Monday, August 27, 2007

Modesty prevails.

If my son wanders into my room while I'm getting dressed, he rushes to the corner of the bed where I hang my PJs, pulls them off the bedpost and hands them to me, as if to say, "Woman, for God's sake, put some clothes on!"

Of course, maybe he's just trying to be helpful.

I'm not sure where he got this. My husband and I, while not exhibitionists, certainly aren't overly modest. Once you've gone through the experience of giving birth, and nearly everyone has either handled or seen every part of your body, you pretty much give up on keeping it all under wraps.

Sunday, August 26, 2007

All aboard.

Some of my readers (OK, one of them) have been complaining about my lack of blog posting lately. Sorry. I haven't had much to report except for this:

My nice Pottery Barn coffee table has suddenly morphed into a train table.

Where there once were magazines and coasters, there is now a figure-eight track, complete with a bridge, a water tower and a train station with clanging bell. Oh, and several (hopefully) lead-free train cars. (Don't get me started on the whole recall disaster. I'm still recovering from having to throw out my son's lead-tainted vinyl bibs.)

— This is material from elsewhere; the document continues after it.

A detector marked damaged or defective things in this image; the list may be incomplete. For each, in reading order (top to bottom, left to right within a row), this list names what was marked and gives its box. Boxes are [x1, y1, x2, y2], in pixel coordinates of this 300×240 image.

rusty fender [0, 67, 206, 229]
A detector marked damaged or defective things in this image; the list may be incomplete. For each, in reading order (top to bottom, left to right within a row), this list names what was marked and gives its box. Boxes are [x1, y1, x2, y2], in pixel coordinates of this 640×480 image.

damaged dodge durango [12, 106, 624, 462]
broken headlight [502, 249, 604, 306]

My son is all about trains right now. He can play with trains for hours, meticulously moving them around and around the track. I'm not kidding. I didn't think a toddler could be so focused.

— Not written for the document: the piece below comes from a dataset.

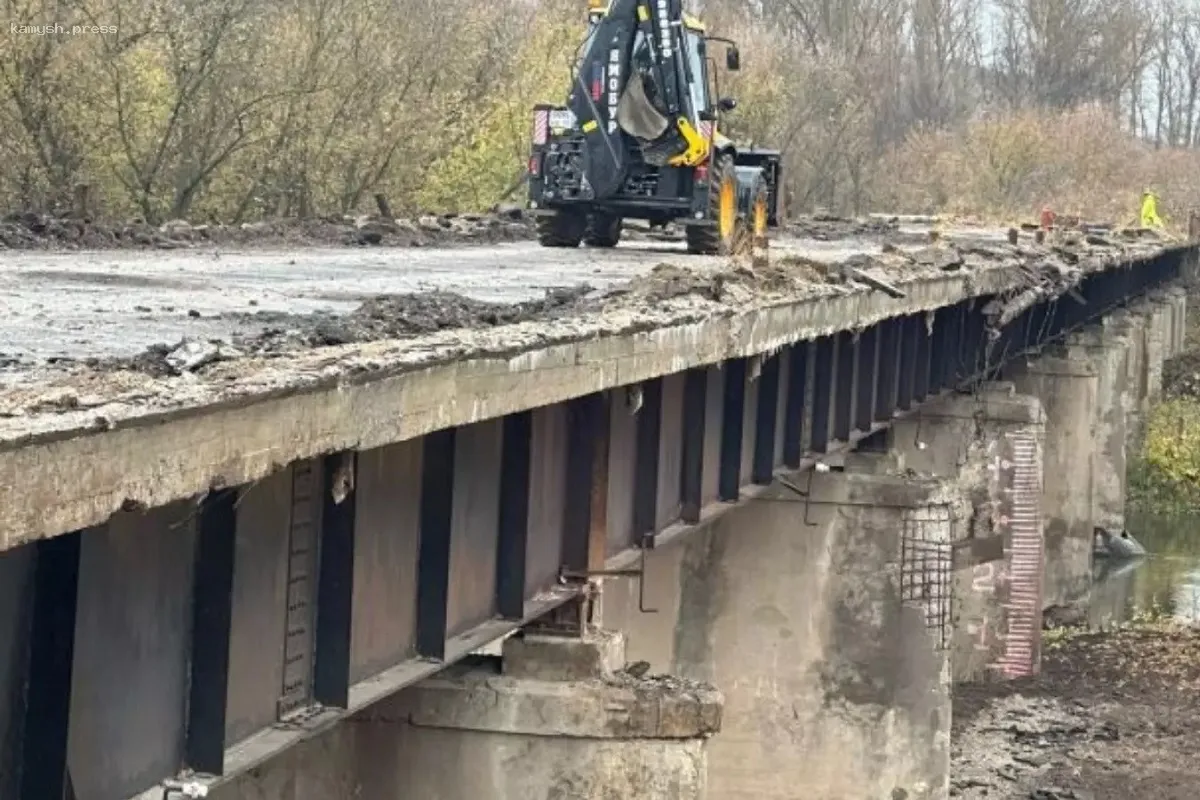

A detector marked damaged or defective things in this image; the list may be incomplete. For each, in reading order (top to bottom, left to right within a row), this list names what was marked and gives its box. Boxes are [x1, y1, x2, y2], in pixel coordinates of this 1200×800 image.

damaged concrete bridge [0, 225, 1192, 800]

The only problem is that he falls apart when the train cars derail, as they inevitably do, because he insists on linking them altogether in a mile-long caravan. "Oh NO," he wails, when the cars jump the tracks.

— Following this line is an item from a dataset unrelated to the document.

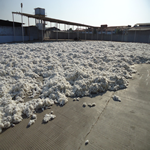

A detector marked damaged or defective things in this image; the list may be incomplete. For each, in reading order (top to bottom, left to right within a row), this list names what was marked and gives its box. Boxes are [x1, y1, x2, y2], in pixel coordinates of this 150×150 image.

cracked concrete slab [0, 63, 150, 149]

"It happens," my husband tells him, but I don't think you can expect a not-quite-two-year-old to achieve such a Zen state of mind. Not when it comes to trains.

Tuesday, August 07, 2007

Beauty backlash.

A doctor told me today that I have beautiful ovaries.

I was not an attractive child. For at least part of my pre-pubescence, I had horn-rimmed glasses, braces and a bowl haircut. It was the 60s and early 70s, but still.

When my mom told me that beauty is on the inside, I'm not sure that my ovaries are what she meant.